In Fragen anonymes Bezahlen variieren die Aussagen von Politikern und Zentralbankmanagern. Manchen gelten die Überwachungsmöglichkeiten als Vorzug digitalen Geldes. Deutschland, Frankreich, Italien, Spanien und die Niederlande hingegen haben sich in einem nicht bindenden Diskussionspapier für weitgehende Anonymität bei einem digitalen Euro ausgesprochen. Die EZB will bis zum kommenden Jahr darüber entscheiden, ob und wie ein digitaler Euro erzeugt wird. Besorgt über die aktuellen Überlegungen der EZB zum digitalen Euro sind dabei deutsche Geschäftsbanken, die befürchten, das Bankkundengeschäft durch eine mögliche Abwanderung zu digitalem Zentralbankgeld zu verlieren.

Die FOSS-Entwicklung Taler gibt sich da wesentlich konservativer, erlaubt den Bezug von Talern über nationale Zentralbanken ebenso wie die eigene Hausbank und geht in eigenen Vorschlägen immer von gedeckelten "Abhebevorgängen" – übrigens in der jeweils eigenen Währung – aus.

Mäder, der nach eigenen Angaben neben seiner politischen Tätigkeit selbst als Softwareentwickler arbeitet, hat sich für den Vorstoß in der Schweiz der Unterstützung aller im großen, im Bundesrat vertretenen Fraktionen, also der Sozialdemokraten (SP), der Mitte-Partei, der Liberalen (FDP) und der rechtsgerichteten Schweizer Volkspartei (SVP) versichert.

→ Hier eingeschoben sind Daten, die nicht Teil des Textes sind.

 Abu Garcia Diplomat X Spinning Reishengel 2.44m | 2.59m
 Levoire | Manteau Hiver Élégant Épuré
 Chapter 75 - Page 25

Nun muss der Bundesrat entscheiden, ob er das "Postulat" – wie die Initiative laut schweizerischem Recht heißt – annimmt. Bei einem positiven Bescheid würden die zuständigen Behörden in der Schweiz den Auftrag erhalten, die notwendigen rechtlichen Grundlagen für ein anonymes, elektronisches Bezahlsystem auf der Basis von GNU Taler vorzubereiten.

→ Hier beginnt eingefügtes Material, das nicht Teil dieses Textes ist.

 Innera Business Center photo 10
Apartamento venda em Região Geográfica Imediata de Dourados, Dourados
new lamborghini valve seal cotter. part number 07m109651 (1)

Taler-Entwickler Grothoff begrüßte den parlamentarischen Vorstoß. Es sei auch ein Signal, wie ein Prozess aussehen sollte, wenn in einer Demokratie so zentrale Entscheidungen wie die Wahl eines offiziellen digitalen Bezahlsystems getroffen werden. Die Aktionen der EZB zum digitalen Euro bezeichnete Grothoff als bislang noch nicht wirklich demokratisch legitimiert. Würden sich weitere Länder in Europa für ein datenschutzfreundliches, quelloffenes Bezahlsystem entscheiden, sei auch denkbar, dass man die EZB noch von Konzepten abbringen könne, die absolute Kontrolle über die Bürger der Union erlauben könnten.